Green Keyz lagi-lagi ngebuktiin kalau dia bukan tipe rapper yang cuma ngeluarin lagu buat numpang lewat. Lewat dua rilisan barunya, “Bangun” dan “Am I Hero or a Villain”, ia datang dengan energi baru. campuran antara semangat hidup, keresahan batin, dan refleksi personal yang jarang banget muncul di skena hip-hop lokal.
Dua track ini jadi pembuka menuju album barunya, hasil kolaborasi dengan produser Erick a.k.a The Lab Man — sosok yang dikenal punya karakter sound eksperimental, kadang liar, kadang kalem, tapi selalu punya kedalaman emosional yang kental.
Kalau lo udah pernah denger karya The Lab Man, lo pasti tahu: beat-nya nggak sekadar beat, tapi atmosfer.
“Bangun” jadi semacam anthem buat siapa aja yang pernah jatuh dan ngerasa dunia lagi nggak berpihak. Green Keyz nggak berusaha ngasih motivasi murahan, tapi dia cerita langsung dari pengalamannya sendiri—jujur, mentah, tanpa sensor.
Lewat flow-nya yang padat dan lirik yang real, dia ngajak semua orang buat tetap kuat walau hidup rasanya berat. Bar demi bar, Green Keyz ngasih potongan cerita yang relate banget:
Memang bukan gengster, ga jago adu pukul, tapi sedari kecil sama hidup adu pukul
Kalimat itu keras tapi jujur. Lo bisa ngerasain gimana hidup ngebentuk mental seorang Green Keyz — bukan dari teori, tapi dari tempaan jalanan, pengalaman, dan jatuh bangunnya sendiri.

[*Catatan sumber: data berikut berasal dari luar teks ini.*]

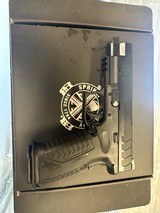 SPRINGFIELD ARMORY XD-M ELITE 10MM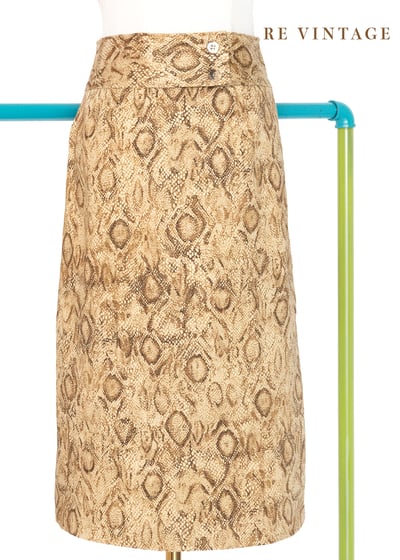 Zoo Keeper 小蛇樂園飼養員美裙（26.5"）1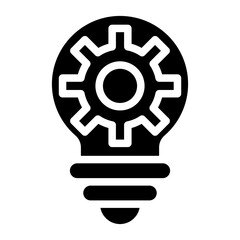 Digital Innovation Vector Design Icon Style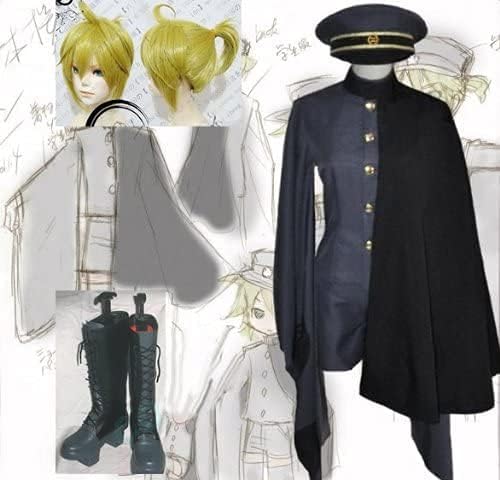 赤城ウェン コスプレ 衣装 放課後オリエンス 学生 にじさんじから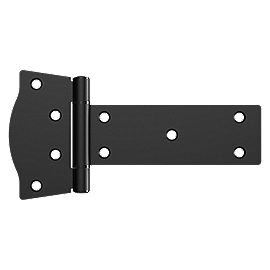 Clipped Image for Rustic Modern T-Hinges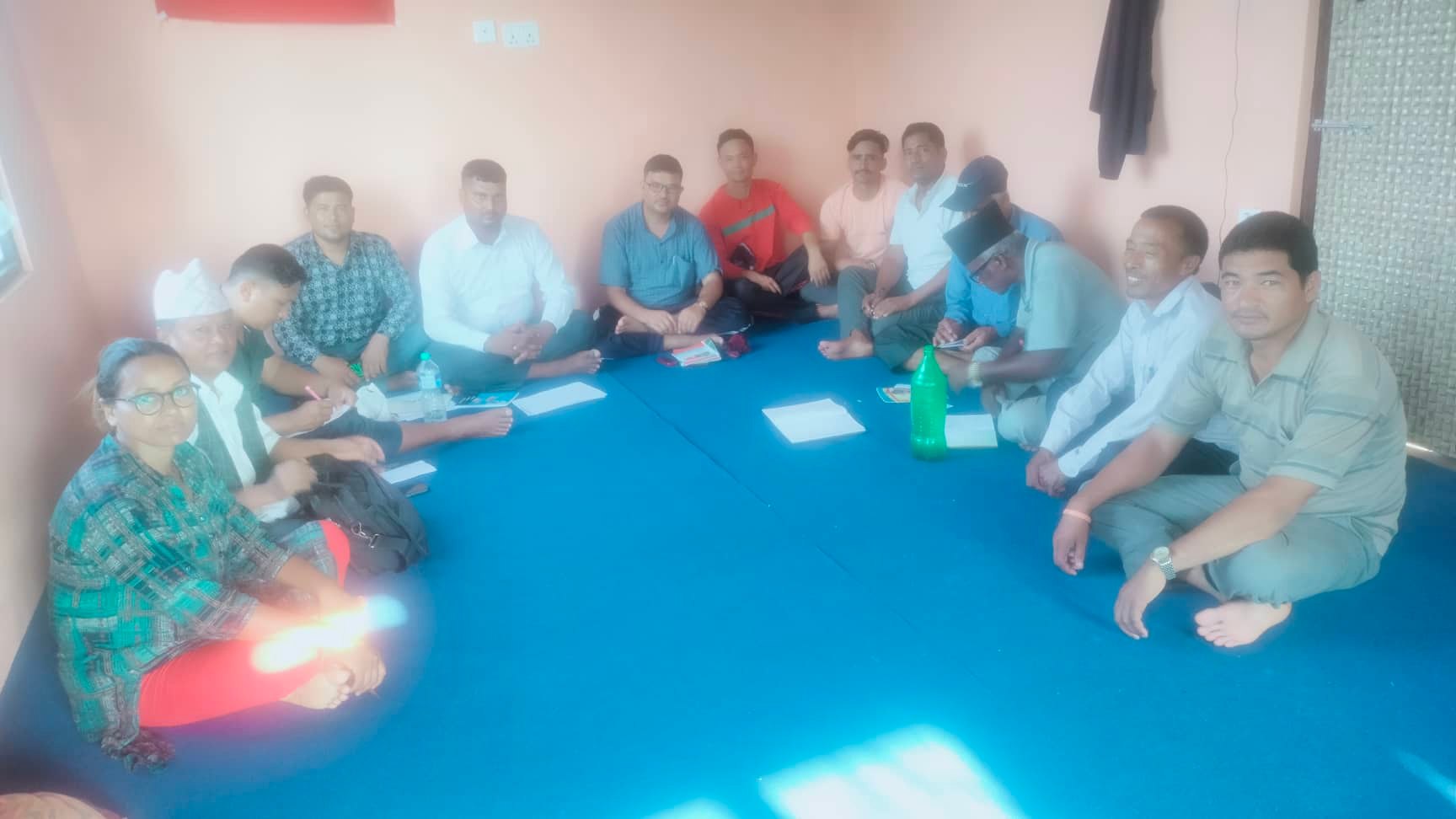 नेपाल कम्युनिस्ट पार्टी उदयपुर जिल्ला समितिको विशेष बैठक सम्पन्न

Lagu ini juga penuh potongan kenangan yang membentuk siapa dia sekarang:
bolos sekolah buat ke studio, ngidolin Iwa K dan Biggie, sampai kabur dari situasi absurd di jalan. Semua ditulis dengan gaya khasnya — santai tapi dalem.
Satu bar yang nyentil tapi dalam banget. Di situ, Green Keyz seolah bilang: hidup nggak selalu harus ikut sistem, karena kadang jalur lo sendiri lebih jujur buat ditempuh.
Kalau “Bangun” penuh tenaga dan semangat untuk bertahan, maka *“Am I Hero or a Villain”* justru kayak momen tenang setelah badai.
Lagu ini lebih reflektif, introspektif, dan bahkan sedikit gelap.
Green Keyz ngebuka sisi lain dari dirinya — bukan sekadar rapper, tapi manusia yang lagi nyari tahu siapa dia sebenarnya di tengah dunia yang abu-abu.
Dia nanya hal yang jarang diucapin orang: Gue ini pahlawan, atau justru penjahat dalam cerita hidup gue sendiri?
Pertanyaan yang sederhana tapi berat banget buat dijawab.
The Lab Man di sini main aman tapi cerdas: beat-nya atmosferik, berlapis, dan ngasih ruang buat tiap kata yang dilontarkan Green Keyz punya bobot.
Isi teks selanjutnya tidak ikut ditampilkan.